November 01, 2018 Practice Points

Eighth Circuit: Challenging Standing May Be a Double-Edged Sword

By the Class Actions & Derivative Suits Committee

In just about any class action asserting statutory violations, including claims under the Telephone Consumer Protection Act (TCPA) or the Fair Credit Reporting Act (FCRA), the defendant may have a challenge to plaintiff’s standing. But when the case is initially filed in state court and then removed, standing challenges can create difficult strategic issues.

Take the Eighth Circuit’s decision in St. Louis Heart Ctr., Inc. v. Nomax, Inc., 899 F.3d 500 (8th Cir. 2018). The case involved alleged violations of the TCPA’s fax advertising requirements. Defendant removed the case from state court, moved to dismiss on the ground that plaintiff did not have standing because its injury was not causally connected to the alleged violation, and won.
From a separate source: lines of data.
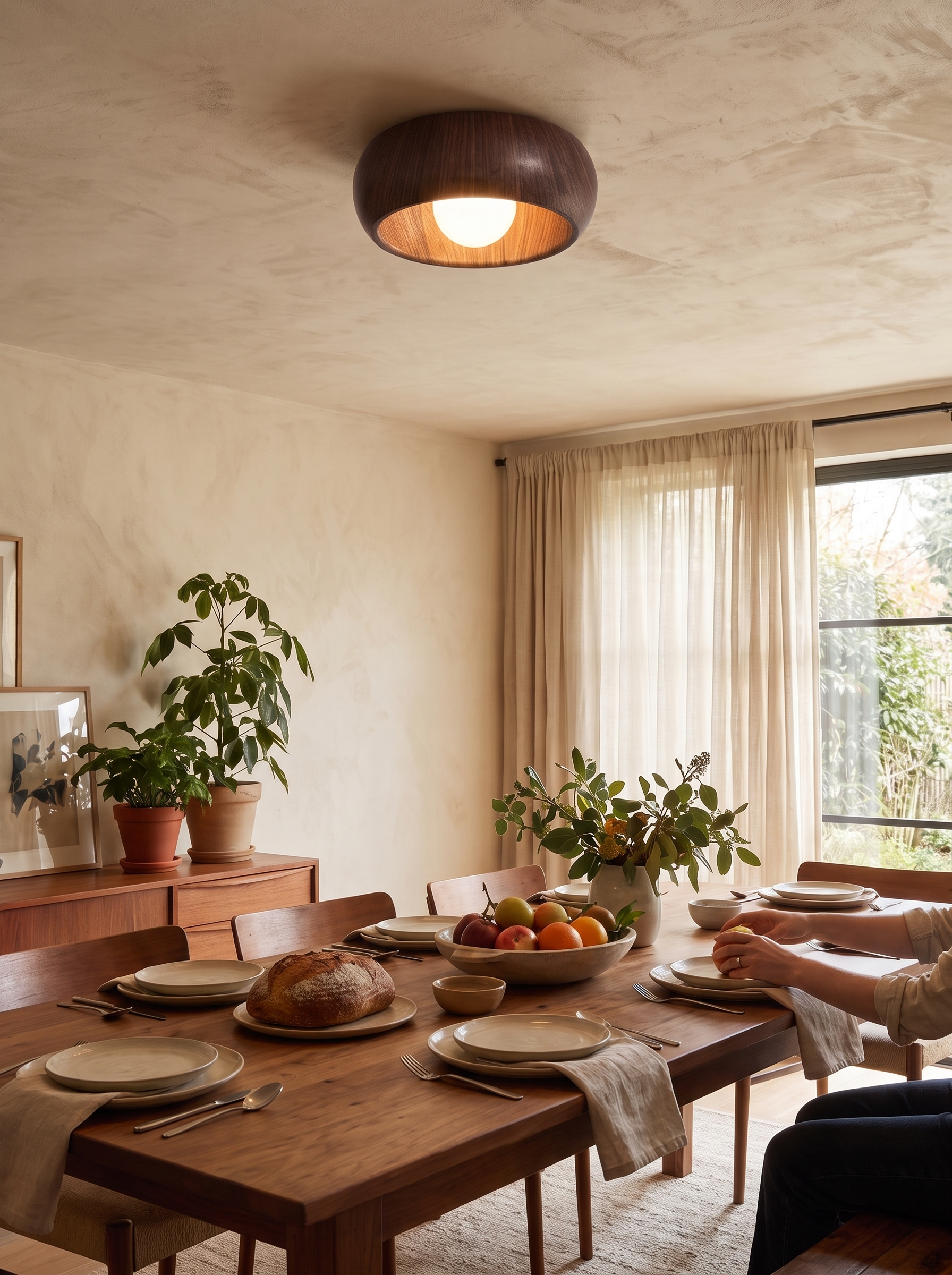 Albanora Ceiling Lamp lifestyle 2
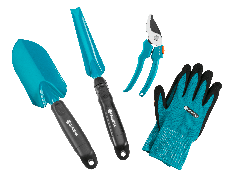 Gardena - GARDENA Basic Set Hand Tools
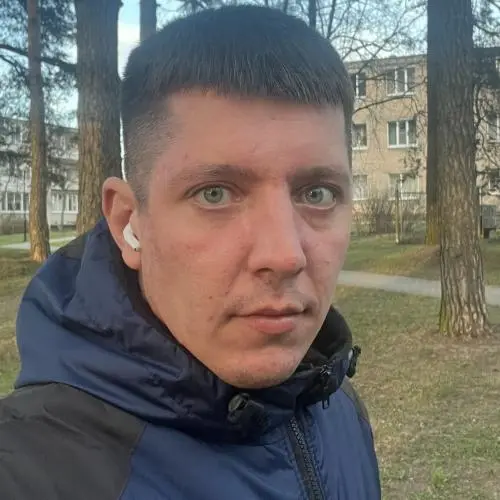 Сергей Парамонов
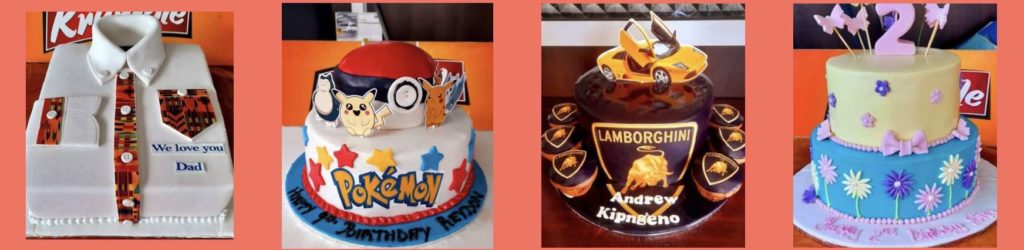 Krumble Fresh Cakes Kenya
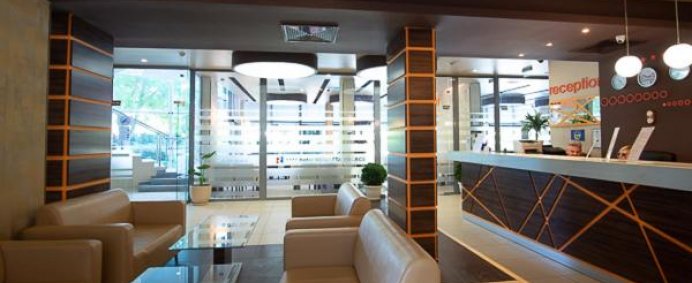Hotel REGATTA PALACE 4* - Sunny Beach, Bulgaria. - Photo 1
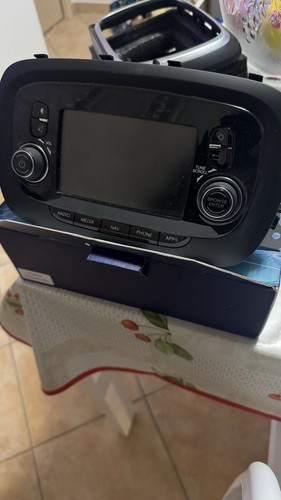 Autoradio uconnect pollici - uconnect,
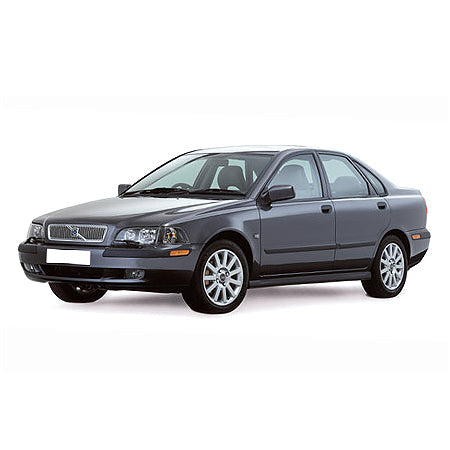Auto Fußmatten Volvo S40 I baujahr 1995 - 2004, karosserie limousine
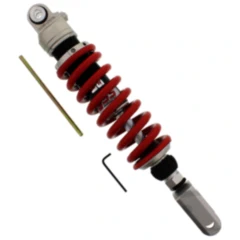 Federbein Mono YSS einstellbar passend für: Kawasaki ZZR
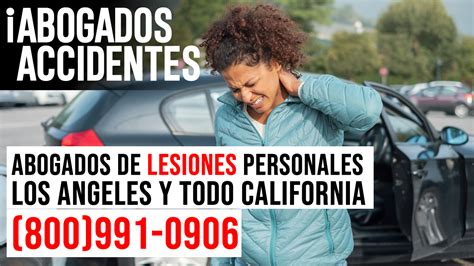 Abogados de accidentes y lesiones personales | Abogados Morgan Y Morgan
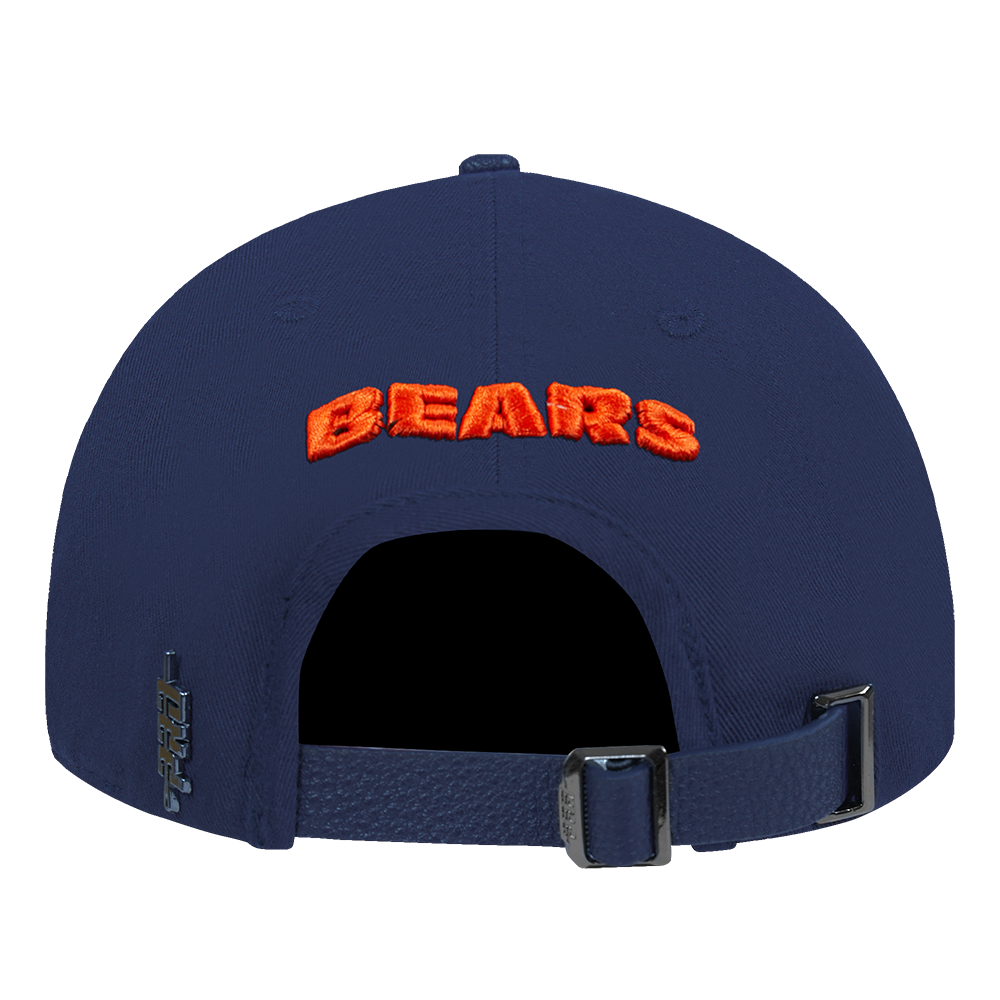 Chicago Bears Born For Sport Pro Score Strapback Cap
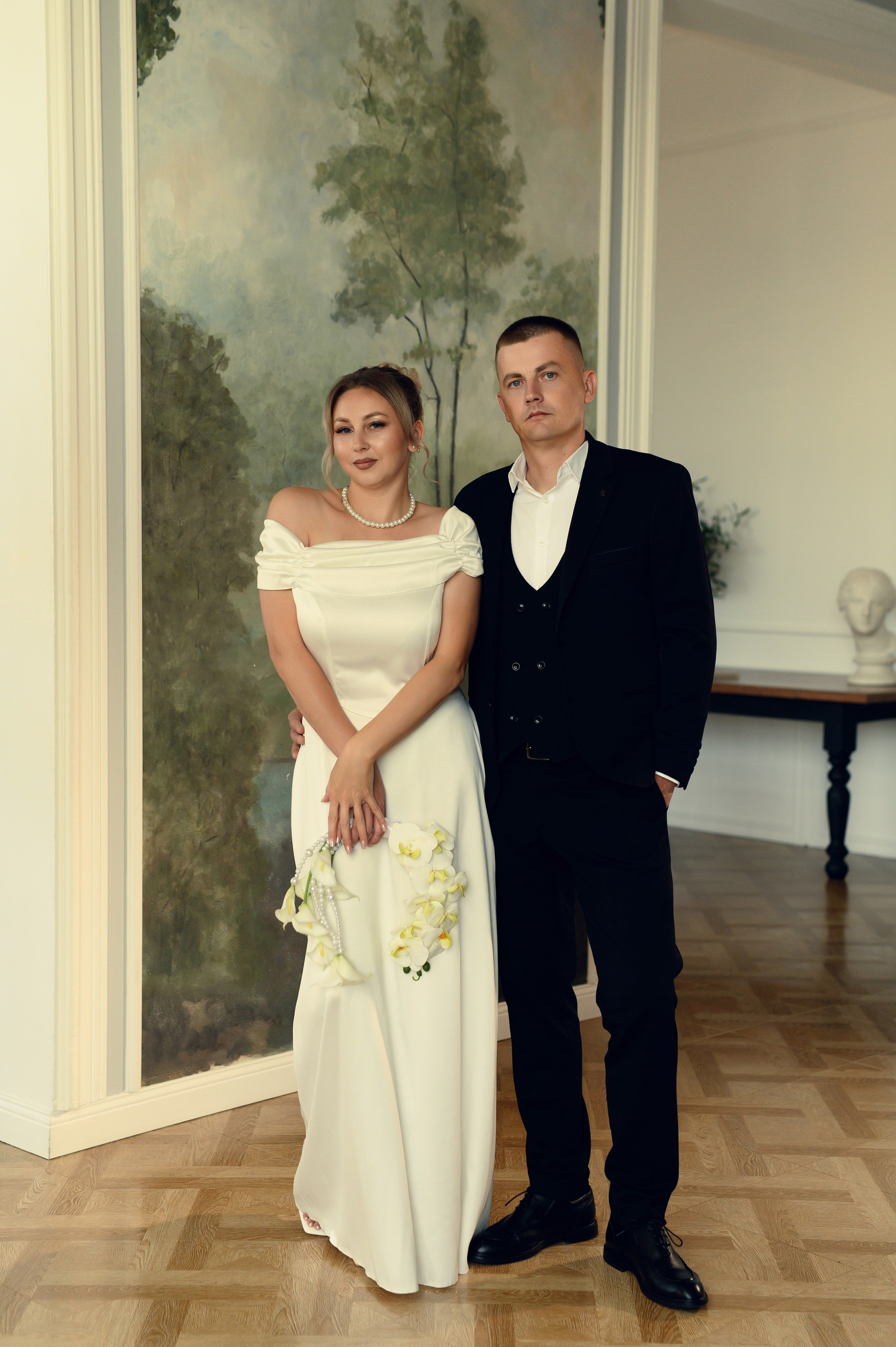 Яна с супругом. Фотограф в Краснодаре Скубицкая Альбина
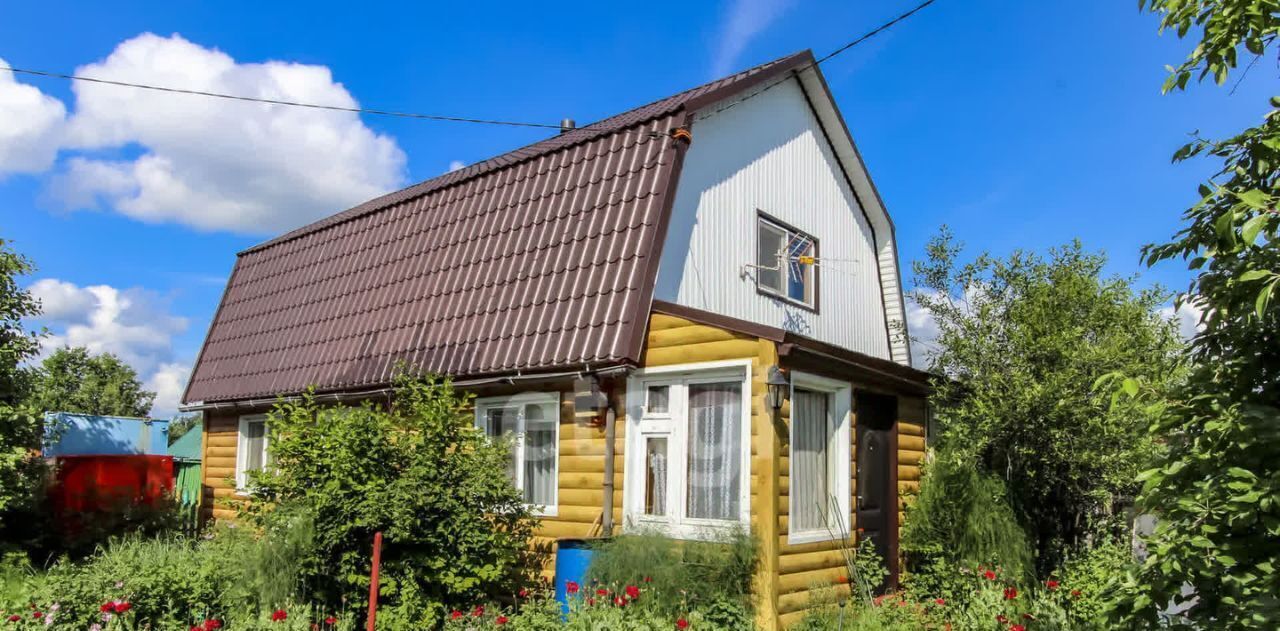 дом г Тюмень р-н Центральный снт Автомобилист ул. Грушевая фото 4
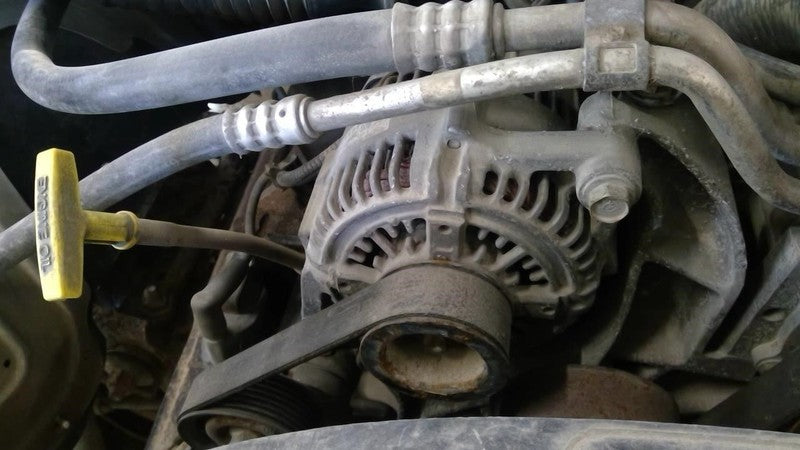Alternator 136 Amp Fits 99-02 DODGE 2500 PICKUP 1735036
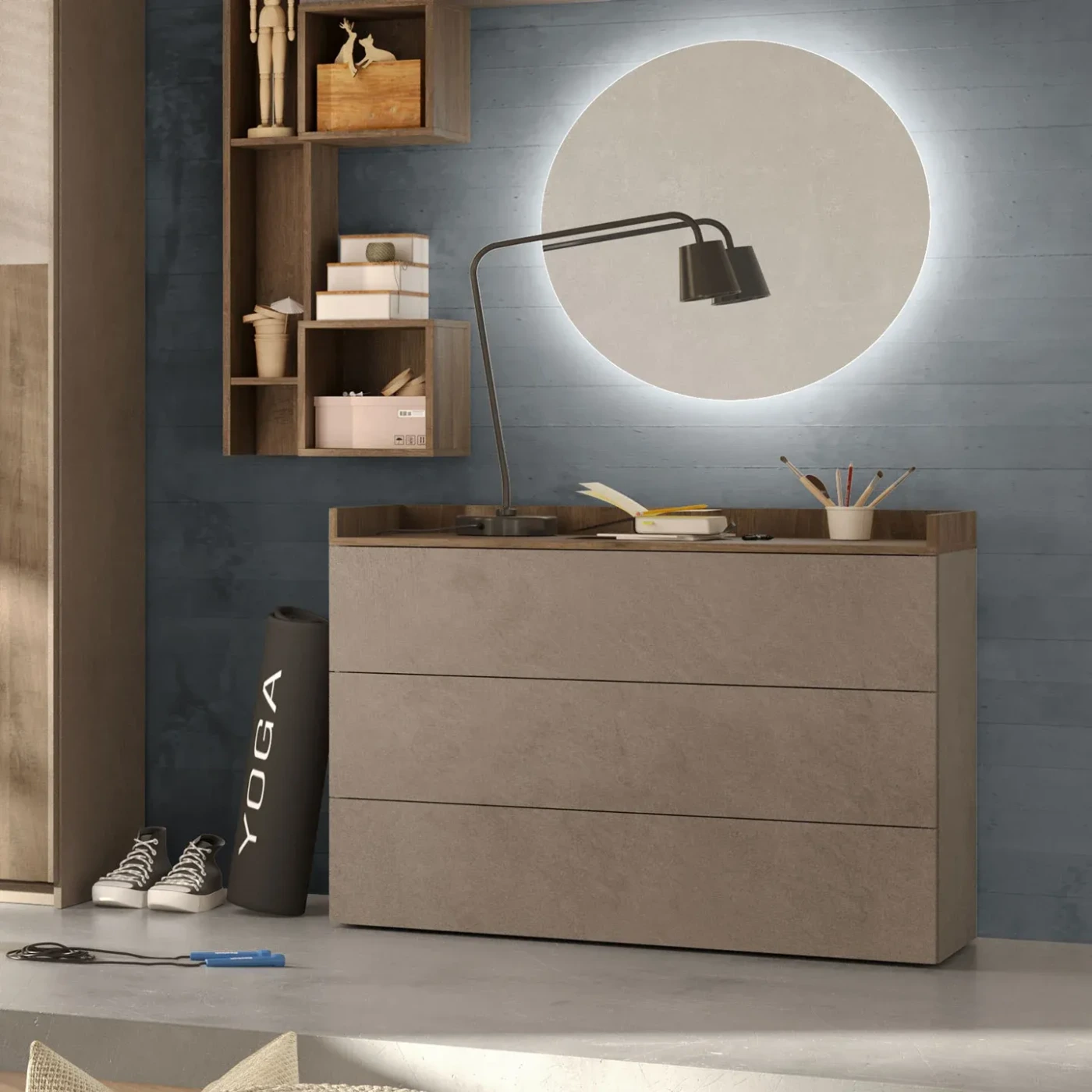 offerte camerette moderne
But what did it win?  The district court dismissed the case with prejudice, but the Eighth Circuit reversed, holding that the case should have been remanded to state court. “[W]hen there is no Article III case or controversy, and the case did not originate in federal court but was removed there by the defendants, the federal court must remand the case to the state court from whence it came.” Id. at 505 (emphasis in original). So, rather than ending the case, the defendant found itself where it started, in state court.

The case provides an important reminder that standing challenges may backfire. A defendant should carefully consider when and how to challenge standing in removed cases, and plaintiffs may have yet another reason to file in state court and force removal.